Staged to coincide with Asian Art in London (October 30 to November 8), the exhibition will include some twenty unique images of exceptional Himalayan sculpture from the well-known Nyingjei Lam Collection. Chiu aims to convey the power and the mystery of these outstanding objects through her highly individual method of working with the world’s second largest camera.
Nyingjei Lam in the Tibetan language means ‘The Path of Compassion’ and this is one of the greatest collections of Himalayan art in private hands in the world. It includes rare and important Indian and Nepalese bronze sculptures of the 7th to the 12th centuries as well as many remarkable images from Tibet dating from the 10th to the 17th centuries.
Among these are figures in copper, gilt bronze, silver and other materials depicting the Buddha, Bodhisattvas (future Buddhas) and esoteric Tantric deities, as well as an outstanding group of portrait images of saints and lamas. Anna Maria Rossi and her son Fabio were closely involved with the formation of the collection over a period of some twenty years.
The collection was on loan for ten years to the Ashmolean Museum, Oxford, where it was exhibited for the first time in 1999, accompanied by a major illustrated catalogue by Jane Casey Singer and David Weldon, published by Calmann & King. It is now on long-term loan to the Rubin Museum of Art, New York, home to a comprehensive collection of art from the Himalayas and surrounding regions.
For Chiu to have had access to such a collection was a great privilege that would be comparable to having access to the greatest sculptures by Michelangelo, Cellini or Bernini. This exceptional collaboration between museum and artist has resulted in a series of masterpieces of photography.
Chiu uses an old-fashioned Polaroid camera, weighing about 500 lbs, with a negative size of 20 × 24 inches. One of only three such cameras in existence, this model has been used by such artists as Andy Warhol. The 20 × 24 Polaroid camera allows her to photograph the images at extreme magnification so that the results are as close to visual perfection as possible. The small objects are blown up to as much as 100 times their normal size, revealing details imperceptible to the naked eye, so taking on an almost abstract quality.
Working with such a large camera is time-consuming and presents many challenges, with no second chances or room for mistakes with the lighting and full frame compositions but, as Caroline says: “Such a rare process suits the subject matter.
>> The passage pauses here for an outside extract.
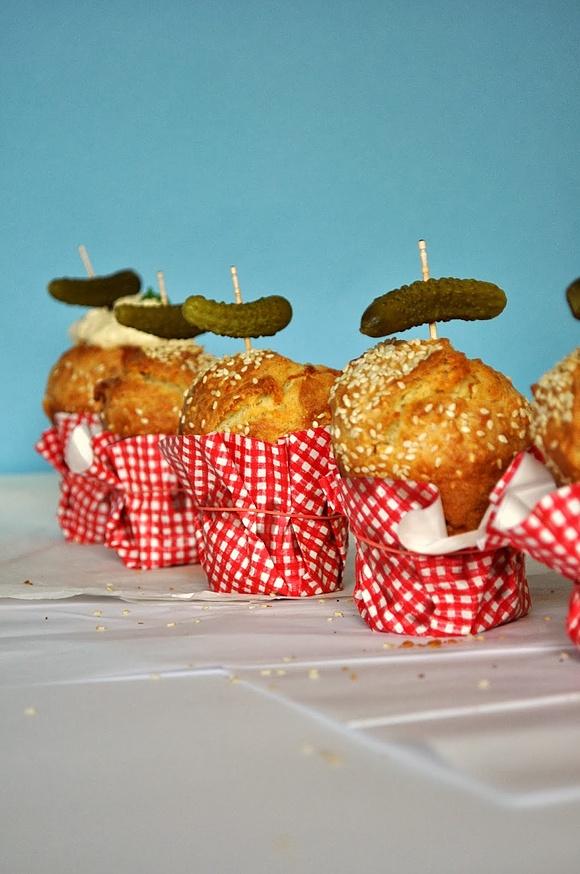 Burgery z muffinek nadzianych wołowymi kotlecikami i serem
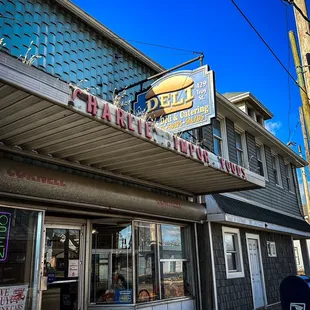 the outside of the restaurant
The resulting images are precious in themselves, echoing the feeling of the objects.”
Caroline goes on to explain: “I am not seeking an ‘objective’ view of the exceptional items I photograph, but to reveal their mystery and ‘dark beauty’. … To reveal this ‘dark beauty’, I use a chocolate film made up of a colour positive and a black and white negative. This gives the images a dense richness and intense dark brown colouring.”
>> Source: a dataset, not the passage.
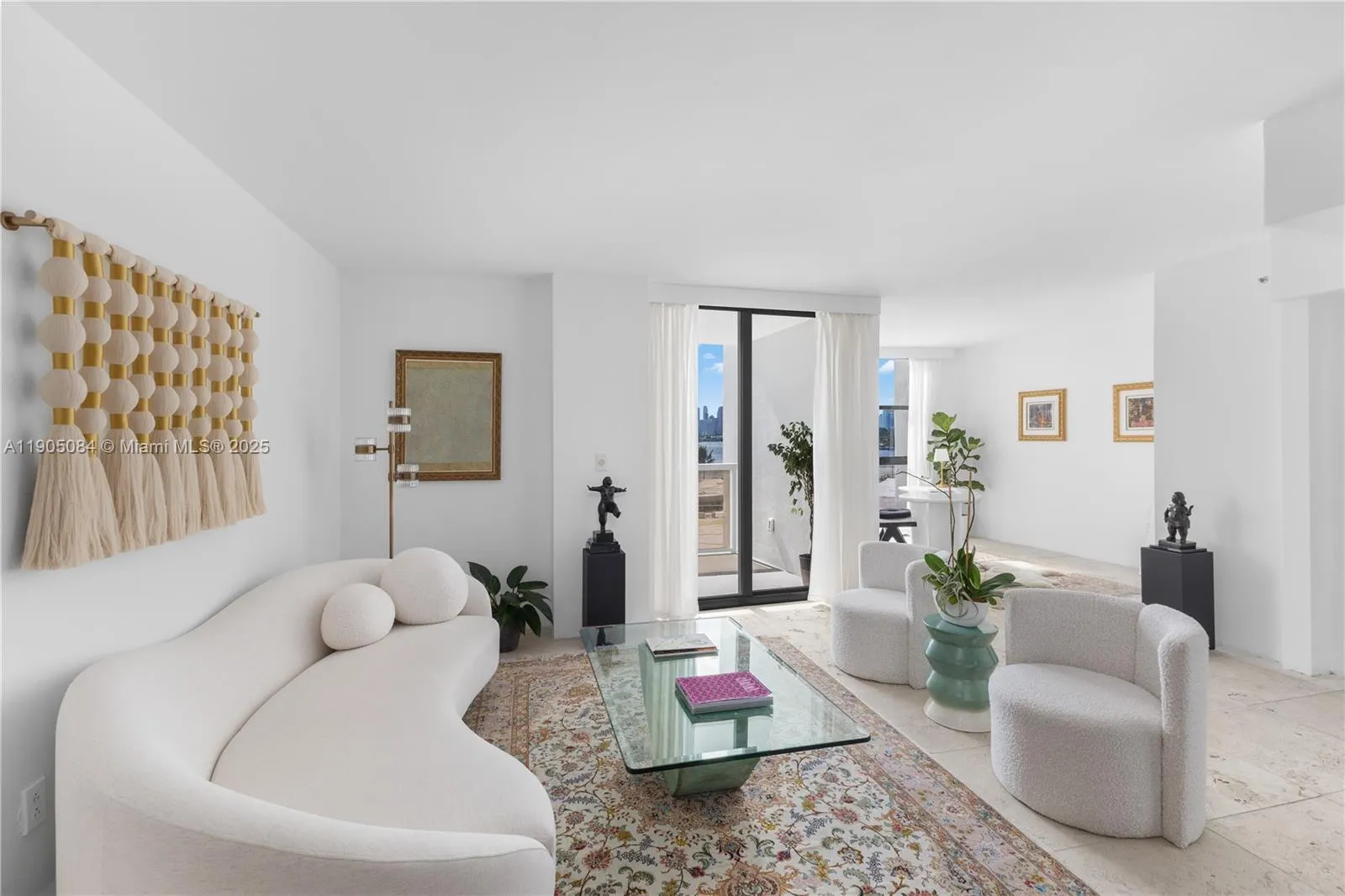 nine island Avenue, #402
Polaroid is no longer producing this precious film which she finds ideal for the evocative effect that allows the objects to emerge poetically from a mysterious sepia darkness. The characteristics of the film also contribute to the distinctive patina and texture of each image and the process which produces one unique and un-reproducible image is akin to painting and a refreshing reaction to today’s digital world of retouching, re-editing, and mass media.
Chiu was born and raised in Hong Kong, and studied in America – at Tufts University and New York University as well as photography workshops at Rockport College in Maine. Her work has been exhibited in Europe, Hong Kong, and America. Since 2001, she has been working on a long-term project called The Chinese wunderkammer which recreates the European precursor of the museum, the ‘wonder rooms’ full of far-flung curiosities from around the world. For this project she assembles and photographs a wide range of Chinese and Asian cultural artefacts.
There will be a fully illustrated catalogue to accompany the exhibition with an introduction by David Pritzker. Price £20.
Times: Monday to Friday from 10am to 5.30pm, Saturday from 11am to 4pm. During Asian Art in London: Sunday, November 2 from 12 noon to 5pm, Mayfair late-night opening on Monday, November 3 until 9pm.
Price range: £4,000 to £10,000.
Rossi & Rossi Ltd, 16 Clifford Street, London, W1S 3RG.